Composer: Various Composers ()
Performance date: 25/06/2022
Venue: Bantry House
Recording Engineer: Eduardo Prado, Ergodos
Instrumentation: 2vn, va, vc
Instrumentation Category:String Quartet
Signum Quartet (Florian Donderer, Annette Walther [violins], Xandi van Dijk [viola], Thomas Schmitz [cello]) -
Franz Schubert [1797-1828]
Lied aus der Ferne, D.107
Hirtenmelodien aus Rosamunde, D.797
Cream: Sunshine of your love
Ins stille Land, D.403
Mokale Koapeng: Komeng
Matthijs van Dijk: (rage) rage against the
Wandrers Nachtlied, D.768
Auf dem Wasser zu singen, D.774
Led Zeppelin: Heartbreaker
Die Götter Griechenlands, D.677
Radiohead: Paranoid Android
[Please save your applause for after the italicised works.]

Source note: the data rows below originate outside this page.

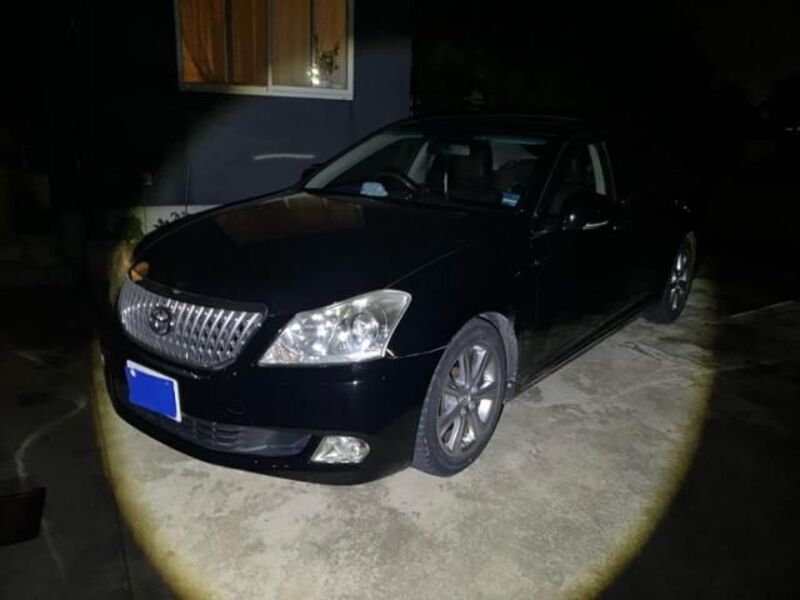 TOYOTA CROWN MAJESTA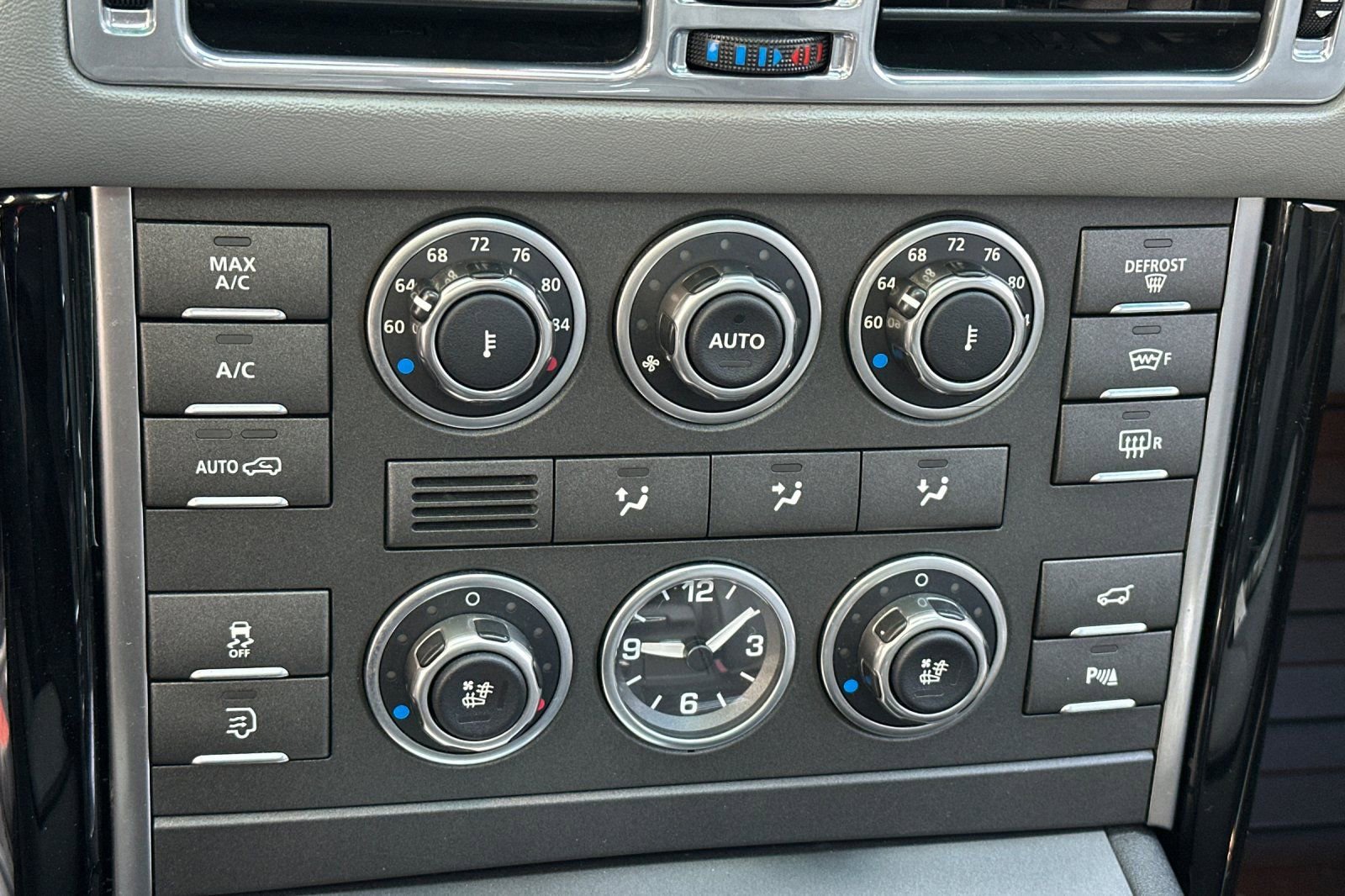 Used 2011 Land Rover Range Rover Supercharged AWD/4WD image 26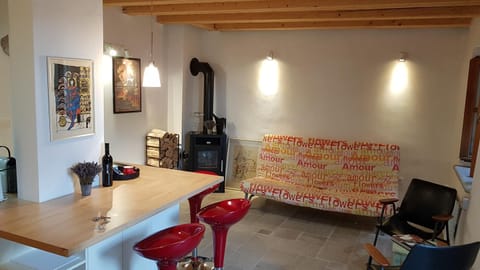 Bed, Living room, Photo of the whole room, Seating area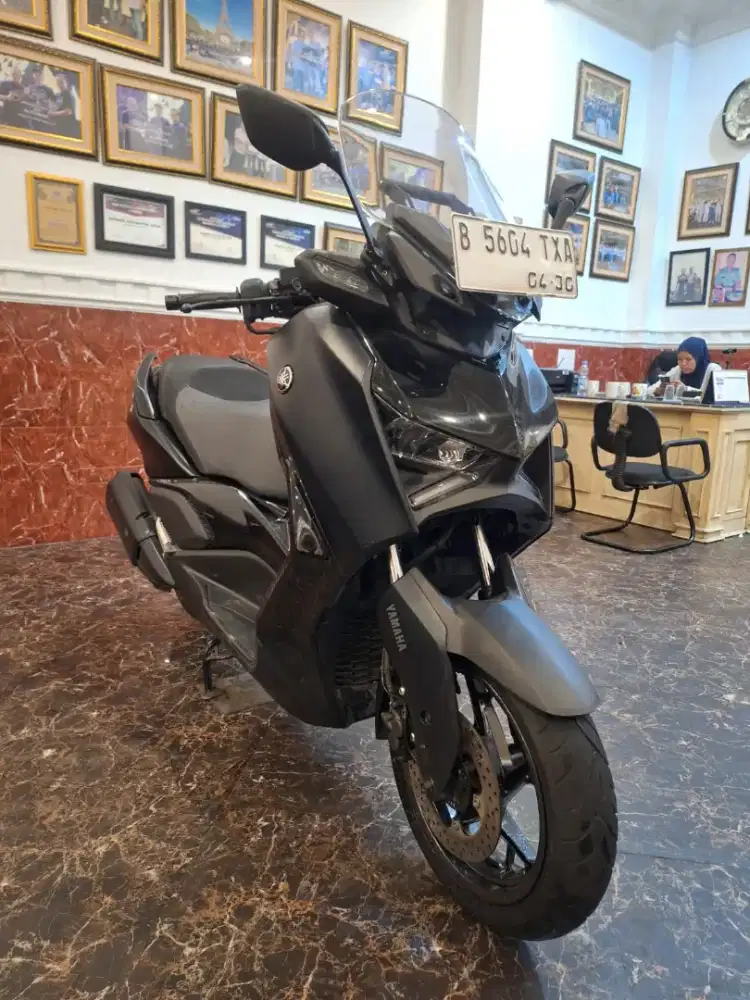 HUB KOM DP PROMO XMAX CONNECTED 2025 LIKE NEW BERGARANSI FREE OLI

The Signum Quartet is a great fan of late-night events, and one of our favourite projects for this is our so-called Rock Lounge. Here we examine the intersection points between rock music and classical music: There are many palpable musical and energetic similarities between the two – Beethoven’s overwhelming Große Fuge must have had a similar visceral, mind-bending effect on the listeners of his day that Led Zeppelin had on theirs.
It is these points of intersection which Matthijs van Dijk captures so wonderfully in his arrangements and paraphrases of well-known rock songs and in his own rock-inspired works. He is an award-winning composer of “serious” contemporary music as well as a songwriter, not to mention a seasoned string quartet violinist and a rock bassist and singer. It is this multifaceted experience that gives him a unique angle on this type of arrangement. He retains the essence of the songs without looking to use the quartet unidiomatically, and the result is often more akin to a commentary or paraphrase than a straight transcription. In fact, in the arrangement of Cream’s Sunshine, he weaves in musical quotations of Jimi Hendrix, Janis Joplin, The Doors and Bob Marley in a kind of musical acid trip within a trip.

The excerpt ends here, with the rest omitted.